Data Cleaning Process
The data cleaning process allows you to systematically remove or anonymize personal data in compliance with GDPR requirements, particularly the "right to be forgotten" (Article 17).
Overview
Data cleaning involves: - Selecting which data to clean based on criteria - Filtering records to target specific data subjects or time periods - Executing the cleaning operation with comprehensive logging - Verifying that the cleaning was successful and complete
Cleaning Workflow
Step 1: Prepare for Cleaning
Pre-Cleaning Checklist
- Legal Basis Confirmed: Verify you have legal authority to delete the data
- Data Subject Request: Have written request from data subject (if applicable)

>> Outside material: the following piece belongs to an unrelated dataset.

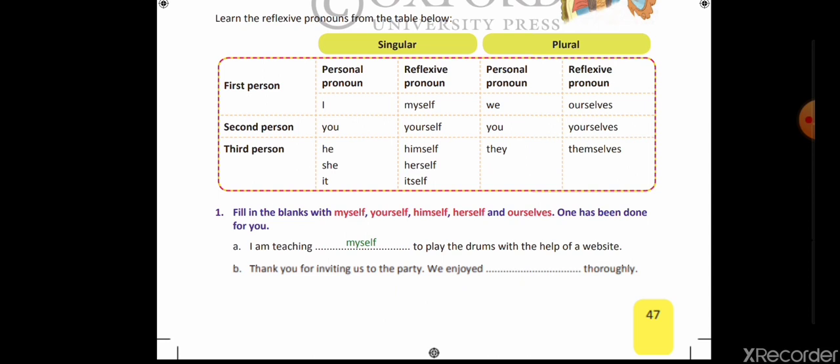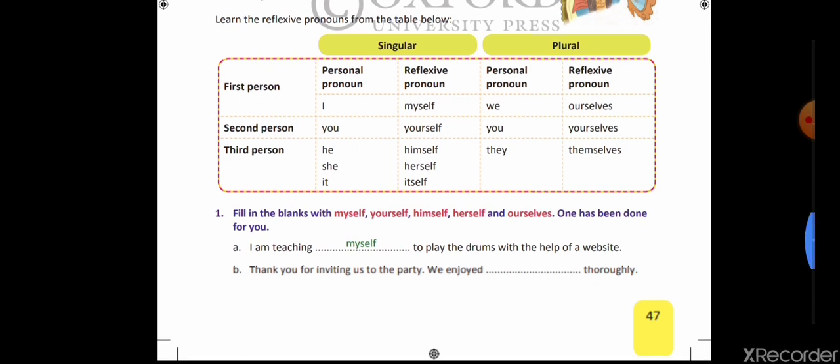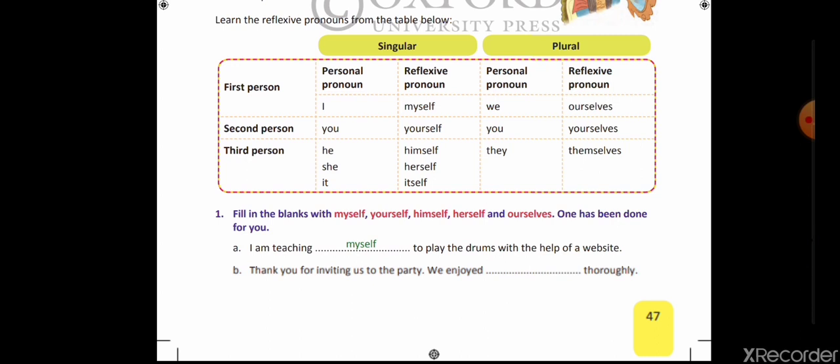Second person: 'you.' Second person koi hai jab hum kisi se baat karte hain jo doosra hota hai. 'I told you to drink milk' — tum se kaha, so 'you' is second person. You ka reflexive pronoun kya hoga? Yourself. 'You complete your work yourself.' In second person, 'you' is both singular and plural — whether speaking to one person or multiple, we use 'you.'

- Business Impact Assessment: Understand business implications of data removal
- Backup Strategy: Ensure data can be recovered if needed for legal purposes
- Dependencies Check: Identify related data that may be affected
Access Requirements
- Permission Set: GDPR-USER or GDPR-ADMIN permission set assigned
- Table Access: Read/Modify permissions for target tables
- Functional Access: Access to QTEAMDataCleaner codeunit
Step 2: Access Data Cleaning Interface
Navigate to Cleaning Functions
- From GDPR Register List:
- Open GDPR Register List
- Select data elements to clean
- Use Actions > Clean Data (if available)
- From Table Pages:
- Navigate to specific Business Central table (e.g., Customer list)
- Select records to clean
- Use custom GDPR cleaning actions
Understanding the Interface
- Filter Options: Define which records to process
- Field Selection: Choose which fields to clean
- Cleaning Method: Select how to clean the data (clear, anonymize, etc.)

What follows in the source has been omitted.